Two things have kept me busier than usual: I'm coming out with a CD, reading aloud some of my essays from Mary's Farm. That should be out in a couple of weeks. I will definitely let you know! And I have now posted The Place He Made and Saturday Beans and Sunday Suppers on Kindle! This is all new for me. The other books will follow as we become more familiar with the formatting and uploading -- all of that.
In the meantime, here is my essay -- another will follow sooner. I'll also resume blogging very soon! Thanks for your patience. Blessings for the fall!
Edie
The House that Benjamin Mason Built
This summer, my house turned 250 years old. I was at a loss as to how to celebrate this once-in-a-lifetime milestone. I have only taken part in fourteen of those years, less than 10 percent, and yet I feel its protection like a turtle in her shell.
I have no diaries to tell me of the lives that were lived here and I have only two photos, both of them taken in the 1940s. That leaves a great deal unknown to me. Within this old structure are faces I have never seen, fireplaces that have never warmed me, and doorways through which I have never passed.

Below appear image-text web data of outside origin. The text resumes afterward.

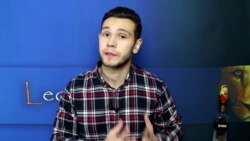 Медведев призвал: те, кто стесняются партии - выходите! Leon Kremer #82 Медведев призвал: те, кто стесняются партии - выходите! Leon Kremer #82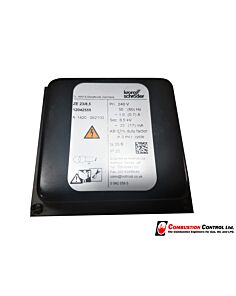 Ignition Transformer Single Outlet No longer Available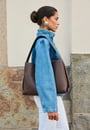 faux-leather-tote-bag-2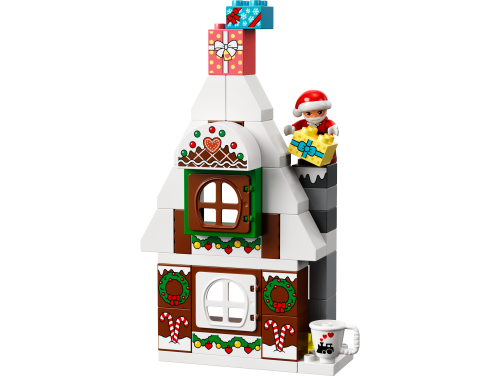 Set 10976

Though they have never made themselves known to me, ghosts live here, most especially the spirit of Benjamin Mason who came here in 1761 from Sherborn, Massachusetts, struck his claim, felled the trees, hewed the beams, carved the pegs, and raised the frame that still holds this house together. According to the Dublin town history, Benjamin Mason was the town’s first selectman and was “distinguished for his agility, fearlessness, and self-possession.” He must have been all of that and more. Because we gutted the house after I bought it, I have seen these stout, cinnamon-colored timbers and I left posts exposed to be reminded of his considerable work. I regard this carved frame with the kind of reverence I reserve for fine art and the light of the full moon. Still, that has not kept me from making vast changes to the house, which needed much when I came here. Little is as it was when I first walked through the kitchen door, on what seems like such a long ago August day.

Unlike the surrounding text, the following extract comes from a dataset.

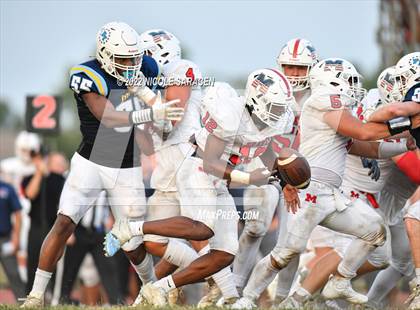 Thumbnail 2 in Manalapan @ Freehold Township photogallery.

When I was about three, my father bought a house on three acres of land, once part of a farm. The war was over and life could begin anew. The house was just being framed and we all enjoyed watching it take shape – we often took a picnic to the house and walked through the skeleton of what would one day be our home. I grew up in that brand new house, a pleasant experience but one that left me unaware of the legacy a house can hold. In all, my parents piloted that house through its first forty years.
Some years after my parents passed away, I happened to be in that area and drove by the house. I was driving slowly, engulfed by a tsunami of memory, and a man, working in his garden, looked up and waved. So I stopped and told him who I was. He grinned broadly and invited me inside. He and his wife had bought the house from my parents and they toured me through the house as they had shaped it: new kitchen, new master bedroom, bath with Jacuzzi – many changes and yet they were all necessary, maybe even imperative.
When I got home, I found photographs my father took of that house as it was being built. I put them into a small book and mailed it to the address that had been mine all my growing-up years. Living as I do now in a house with such a vast, unrecorded history made me want to, somehow, begin a record. Often we do things inspired by our own desires. I imagine an album of photos showing Benjamin Mason hewing these timbers and raising them into place, agilely balancing on the top beam to place the triumphant spruce bough. Maybe I don’t need to celebrate, maybe I just have to keep gathering the history, when and where I find it, adding to it as I go along.